Task description
The data below should be transcribed in full, with no picture included.

Task inputs
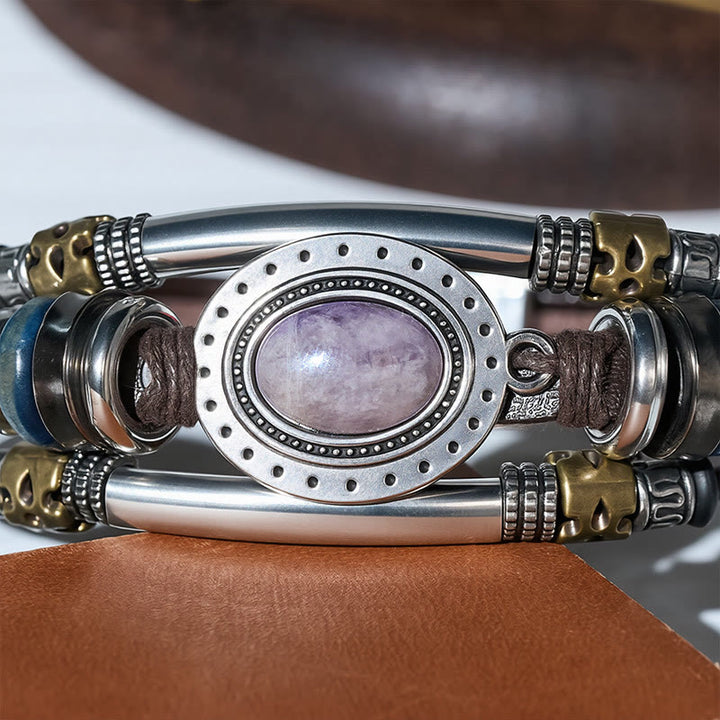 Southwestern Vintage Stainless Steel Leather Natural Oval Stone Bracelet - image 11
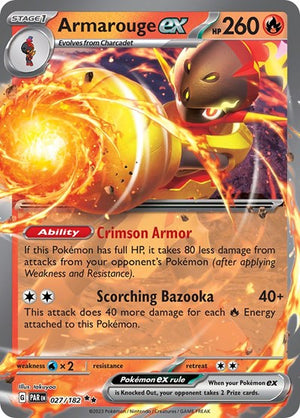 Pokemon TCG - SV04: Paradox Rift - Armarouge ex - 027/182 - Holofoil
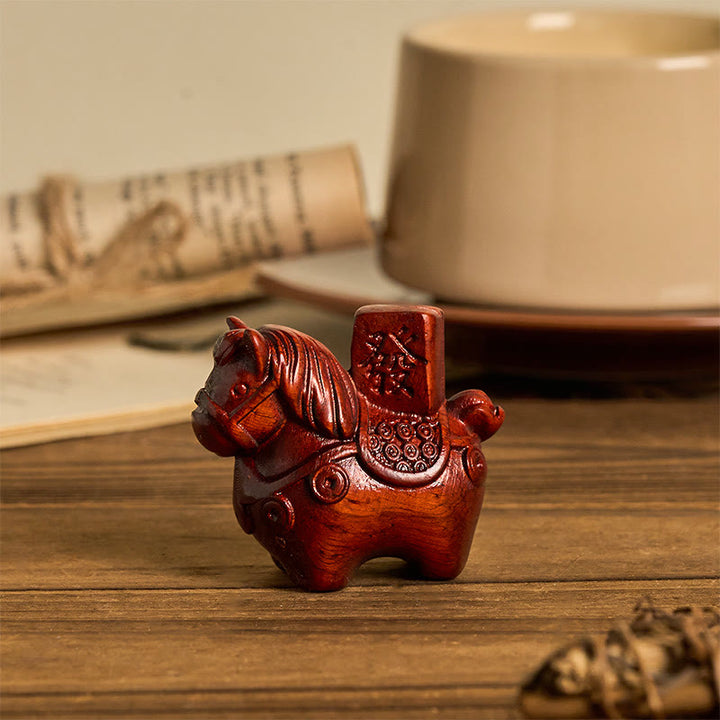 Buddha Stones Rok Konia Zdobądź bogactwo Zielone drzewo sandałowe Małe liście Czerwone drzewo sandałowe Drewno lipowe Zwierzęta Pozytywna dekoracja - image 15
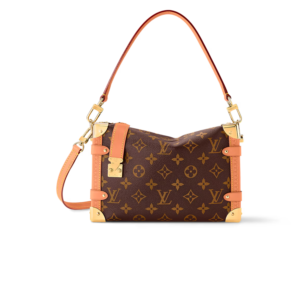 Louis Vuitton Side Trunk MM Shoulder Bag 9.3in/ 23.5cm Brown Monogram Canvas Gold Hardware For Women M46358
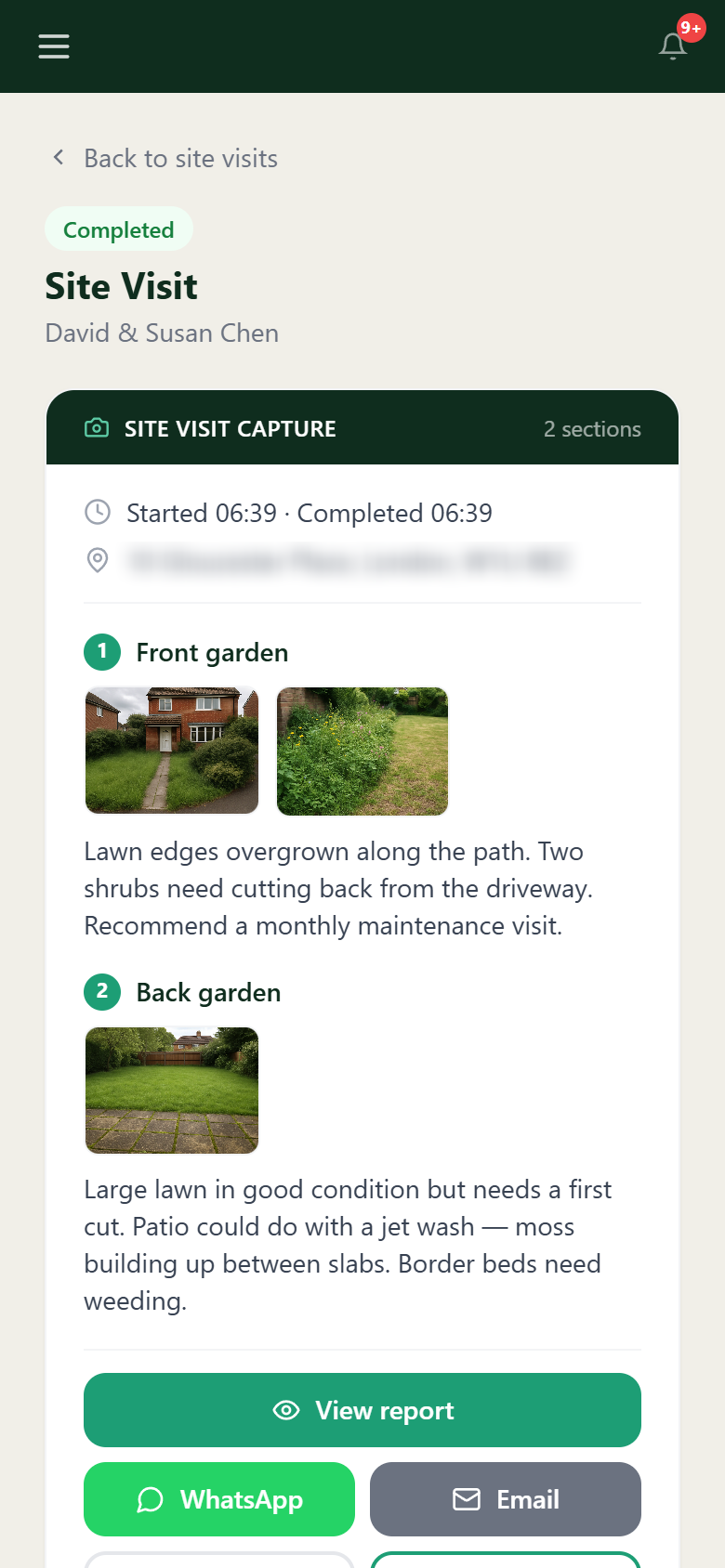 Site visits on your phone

Task solution
 Southwestern Vintage Stainless Steel Leather Natural Oval Stone Bracelet - image 11
 Pokemon TCG - SV04: Paradox Rift - Armarouge ex - 027/182 - Holofoil
 Buddha Stones Rok Konia Zdobądź bogactwo Zielone drzewo sandałowe Małe liście Czerwone drzewo sandałowe Drewno lipowe Zwierzęta Pozytywna dekoracja - image 15
 Louis Vuitton Side Trunk MM Shoulder Bag 9.3in/ 23.5cm Brown Monogram Canvas Gold Hardware For Women M46358
 Site visits on your phone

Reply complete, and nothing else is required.